Whether bots will be physically present in the workplace or exist as quiet virtual partners, HR will play a key role in making sure AI and humans work well together. "When I think about robots," Elliot Dinkin, CEO of Cowden Associates, told HR Dive, "I think about how they were just the focal point of the engineering, IT and manufacturing functions. The starting point though is really in HR as they are uniquely situated to support the interaction between people and robots." HR systems are critical, he added, as they are used as a focal point for engagement, talent management, training and recruitment.
"HR can nurture and foster a digital culture as it has the ability to influence the executives, and can also link the business to the strategy and then to the people," Dinkin said in an email.
Tech can free up recruiters time to focus on high-value candidates, and talent pros can leverage virtual reality for new hire orientation. Talent leaders have used data to spot trends and opportunities for training and growth and used augmented and virtual reality for training of all types, from physical tasks to soft skills.
"We see a significant rise in use of cognitive agents to assist HR and the workforce in performing their roles with greater quality, speed, and improved value," Mazor said. "Augmented and virtual reality will increasingly enable collaboration and learning from anywhere, expanding the opportunities for workers to grow skills through experiences."
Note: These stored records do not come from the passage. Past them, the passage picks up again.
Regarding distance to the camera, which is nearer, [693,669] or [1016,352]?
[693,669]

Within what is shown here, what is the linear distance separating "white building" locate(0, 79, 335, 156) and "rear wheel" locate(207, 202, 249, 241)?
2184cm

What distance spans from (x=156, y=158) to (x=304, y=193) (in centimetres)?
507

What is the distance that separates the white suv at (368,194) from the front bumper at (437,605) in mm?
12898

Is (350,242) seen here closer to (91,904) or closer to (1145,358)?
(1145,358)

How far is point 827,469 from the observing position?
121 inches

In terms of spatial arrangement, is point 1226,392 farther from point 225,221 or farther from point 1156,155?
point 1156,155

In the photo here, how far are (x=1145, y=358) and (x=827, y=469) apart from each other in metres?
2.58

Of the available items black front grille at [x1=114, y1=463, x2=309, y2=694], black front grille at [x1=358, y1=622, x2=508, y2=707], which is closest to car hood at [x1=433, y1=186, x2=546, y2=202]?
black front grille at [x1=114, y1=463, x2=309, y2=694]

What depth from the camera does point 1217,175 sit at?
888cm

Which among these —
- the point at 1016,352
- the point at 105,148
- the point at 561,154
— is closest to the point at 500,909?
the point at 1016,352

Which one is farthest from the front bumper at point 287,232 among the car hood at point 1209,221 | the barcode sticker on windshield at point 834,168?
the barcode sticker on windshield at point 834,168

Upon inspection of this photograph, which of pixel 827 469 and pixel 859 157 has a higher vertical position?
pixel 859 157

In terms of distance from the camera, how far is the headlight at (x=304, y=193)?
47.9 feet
The road to a hybrid workplace
The ideal situation will likely be a hybrid workspace where humans work in tandem with advanced robots that produce outcomes far exceeding the productivity either can achieve alone, Dinkin suggested. In some ways, robots will only work better with the assistance of humans. "Yes, clearly some of the mundane tasks will be replaced by robots — but the ones that require more creativity and the use of interpersonal skills and leadership will still be retained by humans," Dinkin said.
Given the need for HR personnel to help integrate humans and machines, Dinkin noted, HR will need to up their own expertise regarding AI tech — particularly if they want to remain the leaders of the future of talent management.